I have an Auto-Trail with a large RemiTop rooflight. I need to remove the inner frame to gain access to the blind mechanism. Does anyone have any idea how it comes off? It's obviously clipped on in some way as it's the last piece to be fitted during installation, but I can see no visible fixings, even looking from the top with the rooflight open. If anyone has a copy of the fitting instructions, that would be even better.

Thanks in anticipation.


----------



## rolyk (Aug 24, 2007)

The frame surround is held in place with a plastic ball and socket. The ball is on a short stalk on the frame and the socket on the main housing. The frame surround just pulls off in a downward direction.

Roly


----------



## Chudders (Jul 5, 2008)

I had an Autotrail but not sure what make the roof blind was. I had to tighten the spring on the blind. There are covers on each of the four sides which just spring off with a little help from a flat blade. This reveals the screws holding the mechanism in place. I removed this, and tightned the roller spring and replaced
Dave


----------



## rolyk (Aug 24, 2007)

Re-reading my post I should have made it clearer that the ball and socket fixings are spaced at intervals around the perimeter.
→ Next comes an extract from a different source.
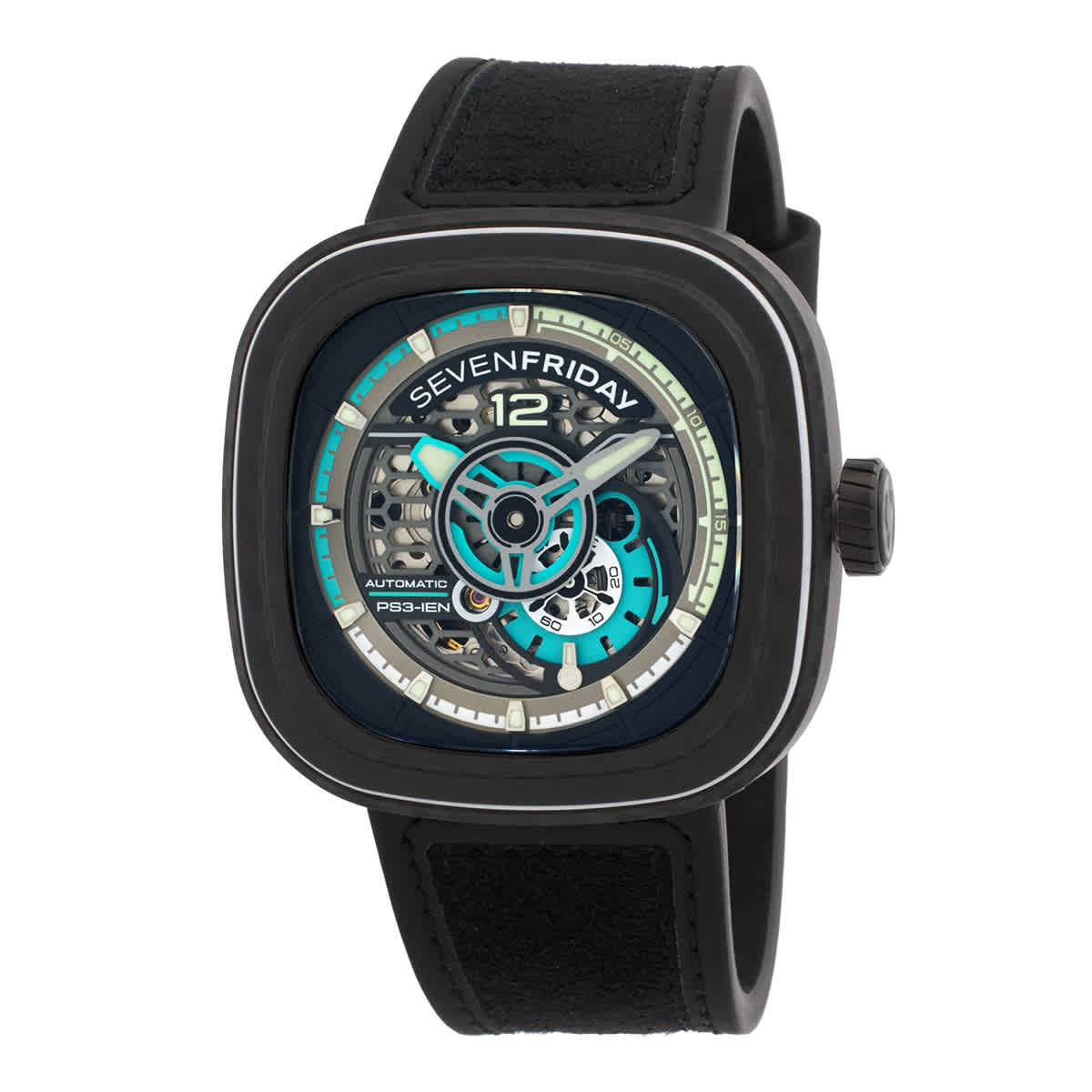 Seven Friday PS Series Automatic Black Dial Mens Watch PS3/01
They rely on friction to hold the one piece surround frame in position.

One other point to bear in mind that, if the crank handle is currently correctly positioned to "park", it is worth taping it in position so that when you reassemble it remains in the correct orientation.

Roly


----------



## pomme1 (May 19, 2005)

Thanks to both of you for your help. Problem solved!


----------